**Assigned task**. From the line that holds "CARGO CAPRI TROUSERS | Zara UK" down to the last line of the listing below, reproduce each line exactly and nothing more, omitting pictures.

**Recorded information**.
[Start of Attachment]
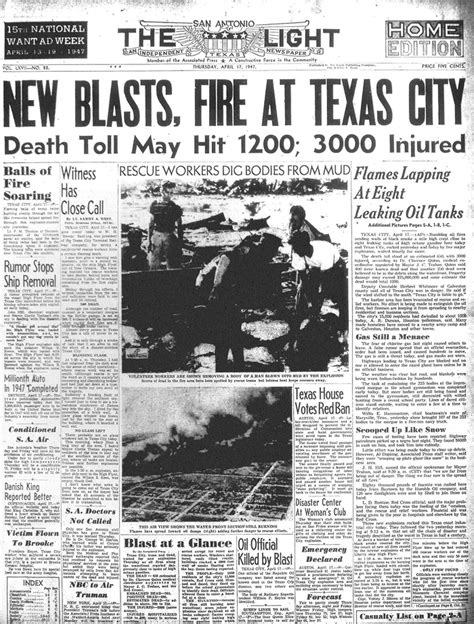 The 1947 Texas City Explosion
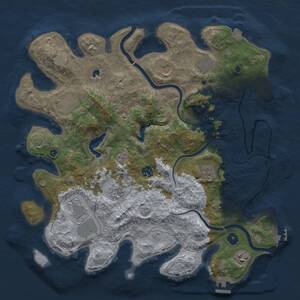 Thumbnail Rust Map: Procedural Map, Size: 4000, Seed: 12092024, 15 Monuments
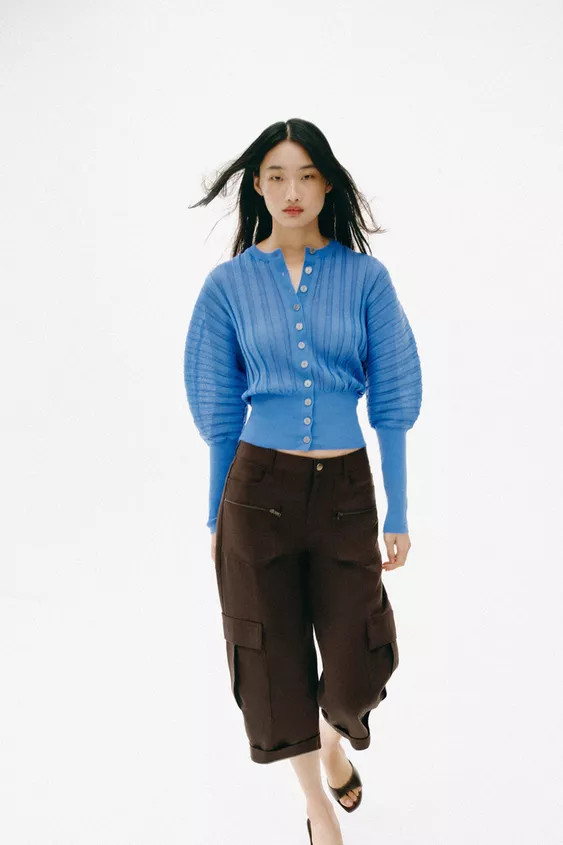 CARGO CAPRI TROUSERS | Zara UK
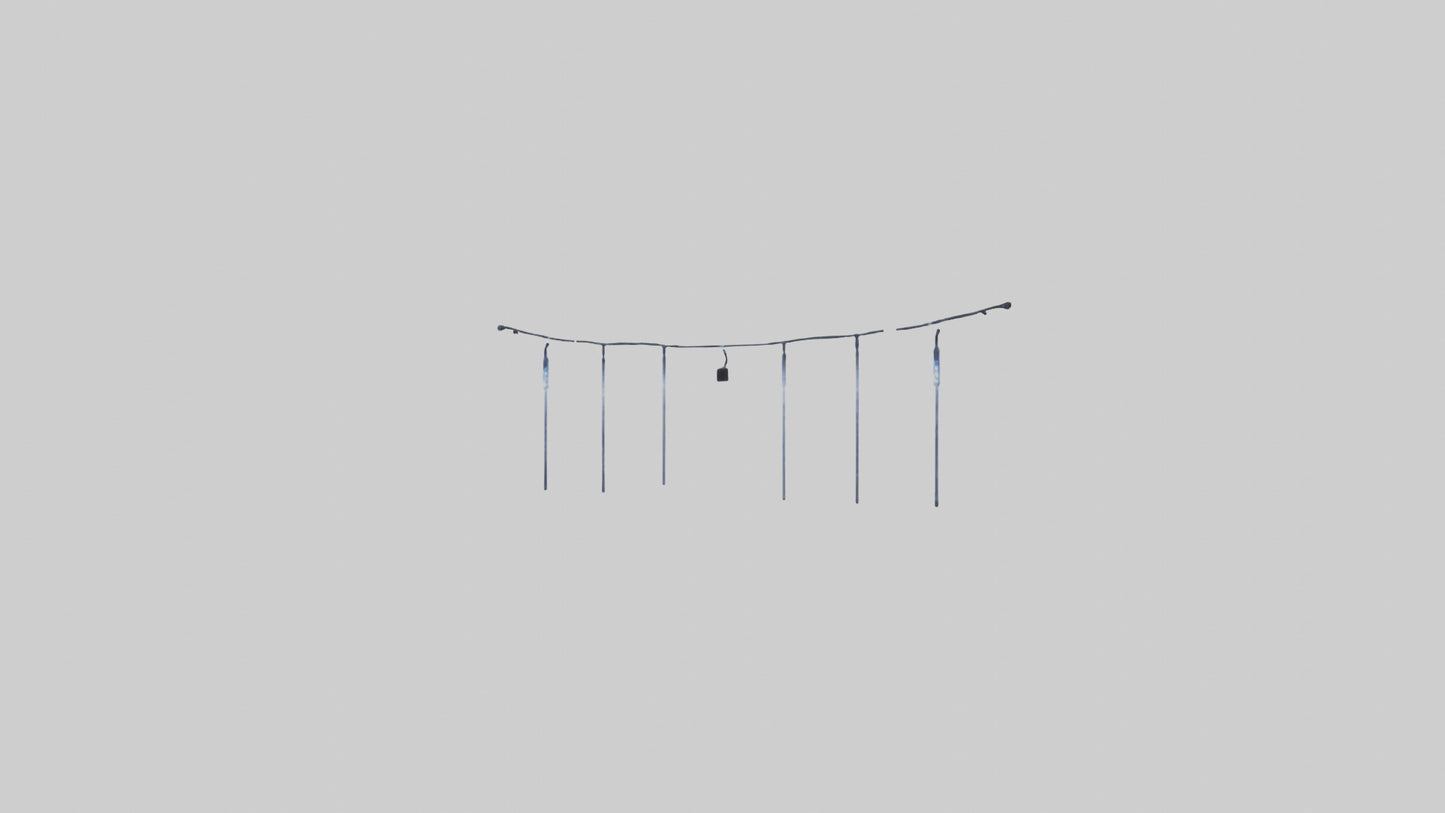 Icicle String Lights model VR / AR / low-poly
[End of Attachment]
**Reply**.
 CARGO CAPRI TROUSERS | Zara UK
 Icicle String Lights model VR / AR / low-poly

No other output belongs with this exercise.